# Can't change email adress?



## Bago47 (Nov 27, 2011)

Just a question to mods/admins: why can't I change my email adress to [email protected]? At first (last year) I even tried to register with gmail.com on this website but it didn't work so I had to open new email adress at live.com ....

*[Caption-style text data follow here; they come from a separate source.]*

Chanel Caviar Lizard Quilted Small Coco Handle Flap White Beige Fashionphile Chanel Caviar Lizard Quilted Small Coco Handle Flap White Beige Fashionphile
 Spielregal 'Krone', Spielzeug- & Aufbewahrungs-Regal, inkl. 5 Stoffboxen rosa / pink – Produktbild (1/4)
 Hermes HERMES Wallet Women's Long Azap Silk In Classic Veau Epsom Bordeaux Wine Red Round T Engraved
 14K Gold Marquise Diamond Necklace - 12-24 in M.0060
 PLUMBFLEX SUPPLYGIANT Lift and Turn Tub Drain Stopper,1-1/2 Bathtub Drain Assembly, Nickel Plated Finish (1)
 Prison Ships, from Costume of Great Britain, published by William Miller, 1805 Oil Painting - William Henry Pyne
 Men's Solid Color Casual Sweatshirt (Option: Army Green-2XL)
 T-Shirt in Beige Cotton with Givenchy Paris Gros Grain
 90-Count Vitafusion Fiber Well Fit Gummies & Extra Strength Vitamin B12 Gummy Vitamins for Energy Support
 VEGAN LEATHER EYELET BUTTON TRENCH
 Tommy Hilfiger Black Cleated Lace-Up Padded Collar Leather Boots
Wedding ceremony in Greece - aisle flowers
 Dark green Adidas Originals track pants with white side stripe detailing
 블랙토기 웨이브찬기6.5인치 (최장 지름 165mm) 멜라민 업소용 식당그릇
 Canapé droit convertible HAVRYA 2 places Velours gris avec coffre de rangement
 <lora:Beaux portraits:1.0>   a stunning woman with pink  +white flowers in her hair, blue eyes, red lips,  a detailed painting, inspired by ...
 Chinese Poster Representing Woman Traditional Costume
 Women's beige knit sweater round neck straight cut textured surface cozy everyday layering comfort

When I try to change email adress it says: "The e-mail address you entered is not allowed to be used." .


----------



## Ikon66 (Sep 12, 2003)

Gmail is blocked as its the chosen address for spammers


----------



## Hoggy (May 8, 2002)

Hi Bago, Gmail addresses can be a source of Spam & are not allowed unless you request Admin to change it & they agree.
Hoggy.


----------



## Bago47 (Nov 27, 2011)

Hoggy said:


> Hi Bago, Gmail addresses can be a source of Spam & are not allowed unless you request Admin to change it & they agree.
> Hoggy.


Do I have to ask admin or mod? How do I contact an Admin?


----------



## Hoggy (May 8, 2002)

Hi Bago, JOHN-H is the best to contact. If not john will forward to the correct Admin.
memberlist.php?mode=viewprofile&u=7067..
Hoggy.


----------



## Bago47 (Nov 27, 2011)

Thanks.


----------